Take from the material every line containing the string "Gray" and copy it.

• **MATERIAL SHOWN**:
********************

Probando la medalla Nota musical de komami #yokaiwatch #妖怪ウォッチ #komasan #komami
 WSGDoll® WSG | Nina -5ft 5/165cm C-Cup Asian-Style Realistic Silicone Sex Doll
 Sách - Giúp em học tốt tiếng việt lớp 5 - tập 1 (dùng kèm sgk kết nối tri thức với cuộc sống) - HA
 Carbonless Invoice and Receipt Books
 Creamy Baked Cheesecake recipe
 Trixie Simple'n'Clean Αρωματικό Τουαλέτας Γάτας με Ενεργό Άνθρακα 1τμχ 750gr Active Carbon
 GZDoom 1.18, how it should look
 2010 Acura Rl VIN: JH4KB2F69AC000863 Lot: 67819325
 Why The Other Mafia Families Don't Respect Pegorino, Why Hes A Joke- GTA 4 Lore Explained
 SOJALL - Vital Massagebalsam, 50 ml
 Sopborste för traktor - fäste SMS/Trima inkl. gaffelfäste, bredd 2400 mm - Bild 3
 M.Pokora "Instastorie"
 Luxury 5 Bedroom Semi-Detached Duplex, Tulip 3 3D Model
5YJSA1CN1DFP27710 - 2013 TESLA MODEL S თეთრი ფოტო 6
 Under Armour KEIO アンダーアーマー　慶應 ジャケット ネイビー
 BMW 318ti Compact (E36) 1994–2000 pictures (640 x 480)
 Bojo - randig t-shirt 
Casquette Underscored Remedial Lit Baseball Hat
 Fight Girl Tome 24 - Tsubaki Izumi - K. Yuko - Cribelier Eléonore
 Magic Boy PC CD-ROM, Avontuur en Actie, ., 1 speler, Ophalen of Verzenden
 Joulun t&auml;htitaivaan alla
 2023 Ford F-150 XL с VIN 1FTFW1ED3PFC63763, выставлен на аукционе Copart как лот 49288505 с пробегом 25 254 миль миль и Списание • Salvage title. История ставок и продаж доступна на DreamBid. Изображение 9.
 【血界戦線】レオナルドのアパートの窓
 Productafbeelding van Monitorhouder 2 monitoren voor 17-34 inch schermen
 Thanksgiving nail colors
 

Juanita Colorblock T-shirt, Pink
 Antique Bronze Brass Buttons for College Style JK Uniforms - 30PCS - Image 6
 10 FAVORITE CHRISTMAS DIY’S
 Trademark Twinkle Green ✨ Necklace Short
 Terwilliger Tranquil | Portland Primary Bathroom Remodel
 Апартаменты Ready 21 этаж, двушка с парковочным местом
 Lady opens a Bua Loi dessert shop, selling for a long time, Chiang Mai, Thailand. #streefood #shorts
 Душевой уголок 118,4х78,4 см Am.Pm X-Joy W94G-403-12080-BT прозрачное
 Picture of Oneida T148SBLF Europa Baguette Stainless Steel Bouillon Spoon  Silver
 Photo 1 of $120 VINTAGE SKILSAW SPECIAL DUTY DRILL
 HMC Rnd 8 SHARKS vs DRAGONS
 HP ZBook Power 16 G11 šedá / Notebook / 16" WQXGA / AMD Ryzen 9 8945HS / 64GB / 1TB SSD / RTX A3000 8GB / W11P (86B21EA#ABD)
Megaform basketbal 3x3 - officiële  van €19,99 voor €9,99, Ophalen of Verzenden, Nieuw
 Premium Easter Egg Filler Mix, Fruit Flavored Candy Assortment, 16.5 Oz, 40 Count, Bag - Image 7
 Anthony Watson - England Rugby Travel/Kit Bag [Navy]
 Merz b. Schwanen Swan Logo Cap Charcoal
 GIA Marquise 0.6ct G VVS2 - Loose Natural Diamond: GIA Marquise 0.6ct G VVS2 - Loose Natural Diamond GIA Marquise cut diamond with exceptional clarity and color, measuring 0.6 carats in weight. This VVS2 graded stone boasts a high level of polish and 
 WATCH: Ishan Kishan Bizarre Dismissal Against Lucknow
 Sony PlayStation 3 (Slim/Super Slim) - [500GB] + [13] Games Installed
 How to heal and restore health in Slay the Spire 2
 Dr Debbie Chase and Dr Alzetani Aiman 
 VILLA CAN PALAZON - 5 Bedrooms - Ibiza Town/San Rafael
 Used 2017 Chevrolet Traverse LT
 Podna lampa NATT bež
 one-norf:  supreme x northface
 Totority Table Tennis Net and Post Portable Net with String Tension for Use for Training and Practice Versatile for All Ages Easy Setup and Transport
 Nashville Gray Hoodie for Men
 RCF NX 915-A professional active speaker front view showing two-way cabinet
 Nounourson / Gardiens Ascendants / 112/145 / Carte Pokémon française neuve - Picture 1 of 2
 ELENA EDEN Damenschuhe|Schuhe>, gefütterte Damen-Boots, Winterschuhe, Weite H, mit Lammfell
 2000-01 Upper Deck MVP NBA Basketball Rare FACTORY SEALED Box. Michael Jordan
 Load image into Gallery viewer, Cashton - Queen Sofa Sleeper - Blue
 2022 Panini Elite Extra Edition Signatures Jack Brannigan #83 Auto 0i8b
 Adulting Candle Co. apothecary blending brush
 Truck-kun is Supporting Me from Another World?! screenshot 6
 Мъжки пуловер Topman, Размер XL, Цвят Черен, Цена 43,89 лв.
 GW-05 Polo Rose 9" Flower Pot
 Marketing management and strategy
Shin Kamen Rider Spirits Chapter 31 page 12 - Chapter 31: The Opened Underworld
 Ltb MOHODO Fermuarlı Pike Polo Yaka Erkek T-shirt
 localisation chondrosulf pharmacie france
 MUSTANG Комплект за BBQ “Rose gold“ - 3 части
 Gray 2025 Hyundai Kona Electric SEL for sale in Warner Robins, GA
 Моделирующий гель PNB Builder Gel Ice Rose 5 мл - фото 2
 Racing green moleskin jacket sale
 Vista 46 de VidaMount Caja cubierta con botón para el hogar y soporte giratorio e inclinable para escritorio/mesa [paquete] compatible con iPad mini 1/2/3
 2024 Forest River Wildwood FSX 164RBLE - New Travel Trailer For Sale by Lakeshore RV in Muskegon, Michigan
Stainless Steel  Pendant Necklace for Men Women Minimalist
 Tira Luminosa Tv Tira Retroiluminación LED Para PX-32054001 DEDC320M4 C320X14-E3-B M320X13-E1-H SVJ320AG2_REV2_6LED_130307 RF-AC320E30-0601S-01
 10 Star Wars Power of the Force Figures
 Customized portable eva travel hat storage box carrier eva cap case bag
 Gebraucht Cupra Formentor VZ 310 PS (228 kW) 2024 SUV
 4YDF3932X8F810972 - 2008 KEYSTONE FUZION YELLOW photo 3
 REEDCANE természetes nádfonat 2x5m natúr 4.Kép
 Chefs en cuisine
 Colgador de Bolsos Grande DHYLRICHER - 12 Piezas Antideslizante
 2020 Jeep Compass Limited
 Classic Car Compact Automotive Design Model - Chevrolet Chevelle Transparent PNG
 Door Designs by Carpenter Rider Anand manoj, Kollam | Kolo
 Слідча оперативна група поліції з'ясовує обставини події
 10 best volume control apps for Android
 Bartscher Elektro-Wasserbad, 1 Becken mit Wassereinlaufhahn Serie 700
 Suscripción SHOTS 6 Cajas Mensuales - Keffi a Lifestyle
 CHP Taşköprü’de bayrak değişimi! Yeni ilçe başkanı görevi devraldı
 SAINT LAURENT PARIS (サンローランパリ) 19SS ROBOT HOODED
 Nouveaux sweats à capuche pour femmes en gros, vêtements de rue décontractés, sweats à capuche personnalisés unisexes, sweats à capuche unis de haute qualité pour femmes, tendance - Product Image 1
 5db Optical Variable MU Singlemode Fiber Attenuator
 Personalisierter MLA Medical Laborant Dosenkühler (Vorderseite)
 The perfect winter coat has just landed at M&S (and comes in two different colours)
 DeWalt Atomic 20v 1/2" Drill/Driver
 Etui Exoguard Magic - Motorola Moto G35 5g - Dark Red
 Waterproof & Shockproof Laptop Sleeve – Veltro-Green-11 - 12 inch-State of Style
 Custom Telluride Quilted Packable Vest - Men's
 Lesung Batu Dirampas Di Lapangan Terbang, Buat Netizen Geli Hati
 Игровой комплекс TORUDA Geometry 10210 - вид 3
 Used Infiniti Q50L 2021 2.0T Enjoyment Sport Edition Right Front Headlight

********************

• **YOUR RESPONSE**:
 Nashville Gray Hoodie for Men
 Gray 2025 Hyundai Kona Electric SEL for sale in Warner Robins, GA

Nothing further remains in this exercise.